In its broader meaning, Marca Hispanica refers to a group of early Iberian lordships or counts created by the Franks, of which Andorra is the sole autonomous survivor. As time passed, these lordships merged or gained independence from Frankish imperial rule.
Geographical context 
The area broadly corresponds to the region between the Pyrenees and the Ebro River. The local population of the March was diverse, including Iberians, Basques, Jews and Goths who had been conquered or subjugated by the Muslim emirate to the south or the Frankish Empire to the north. The territory changed with the fortunes of the Empires and the feudal ambitions of those, whether the Counts or Walis, appointed to administer the counties. Eventually the rulers and people of the March became autonomous and claimed independence. Out of the welter of counties in the region emerged the principalities of Navarre, Aragon, and Catalonia.
Counties that at various times formed part of the March included: Pamplona, Sangüesa, Jaca, Sobrarbe, Ribagorza, Pallars, Urgell, Cerdanya, Conflent, Roussillon, Vallespir, Perelada, Empúries, Besalú, Ausona (Osona), Barcelona and Girona.
The Marca Hispanica resulted from the expansion south of the Frankish realm from their heartland in Neustria and Austrasia starting with Charles Martel in 732 and after various decades fighting between the Franks and Muslims (Moors) in the Iberian Peninsula.
The Muslim invasions reached the Pyrenees in the Iberian Peninsula. In 719 the forces of Al-Samh ibn Malik surged up the east coast, overwhelming the remaining Visigoth province of Septimania and establishing a fortified base at Narbonne. Control was secured by offering the local population generous terms, inter-marriage between ruling families or treaties. Further expansion was halted by defeat in the Battle of Toulouse. Wālis were installed in Girona and Barcelona.
The Muslim forces however continued to raid their Gaul neighbours to the north, reaching as far as Autun. Peace was signed in 730 between the victor at Toulouse, the Duke of Aquitaine, and 'Uthman ibn Naissa (Munuza), a Berber rebel lord stationed in Cerdanya (maybe current day Catalonia), a region that could act as a buffer state against Umayyad expansionism.

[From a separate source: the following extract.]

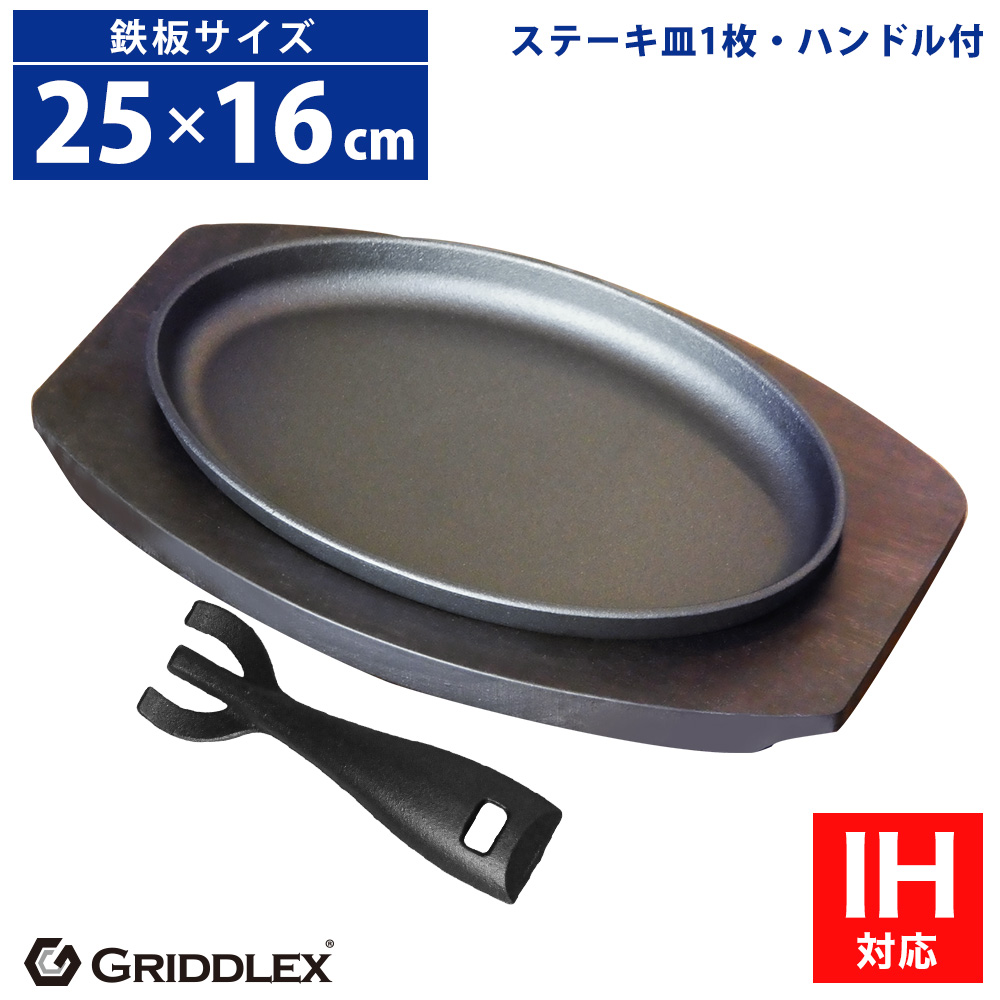 熱々のステーキやスパゲティーのできたてを演出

The peace treaty was sealed with the marriage of the Duke’s daughter to Munuza. However, Munuza was defeated by a Umayyad military expedition (731) and another period of Muslim expansion commenced.
Aquitaine (including the Duchy of Vasconia) pledged formal allegiance to the Frankish leaders several times (Odo in 732, Hunald in 736 after being defeated), but remained actually independent. In 737 Charles led an expedition to the Lower Rhone and Septimania, maybe seeing that the Umayyad thrust was threatening his grip on Burgundy, but didn´t manage to subjugate and keep the region.
Both Aquitaine and Septimania were still out of central Frankish control after Charles's death, but Pepin the Short was determined to subdue southern Gaul. In 759, after conquering Septimania from the Umayyad, the Carolingian king focused all his might in crashing Aquitanian resistance to central Frankish power. After a ruthless war of 8 years, Aquitainian independence came to an end. Toulouse was now under the grip of the new Carolingian king Charlemagne and access to Andalusian Hispania was open for him, despite sporadic rebellions in Vasconia during the next two decades (Basques subdued in 790 by Charlemagne´s new loyal strongman in Toulouse William of Gellone).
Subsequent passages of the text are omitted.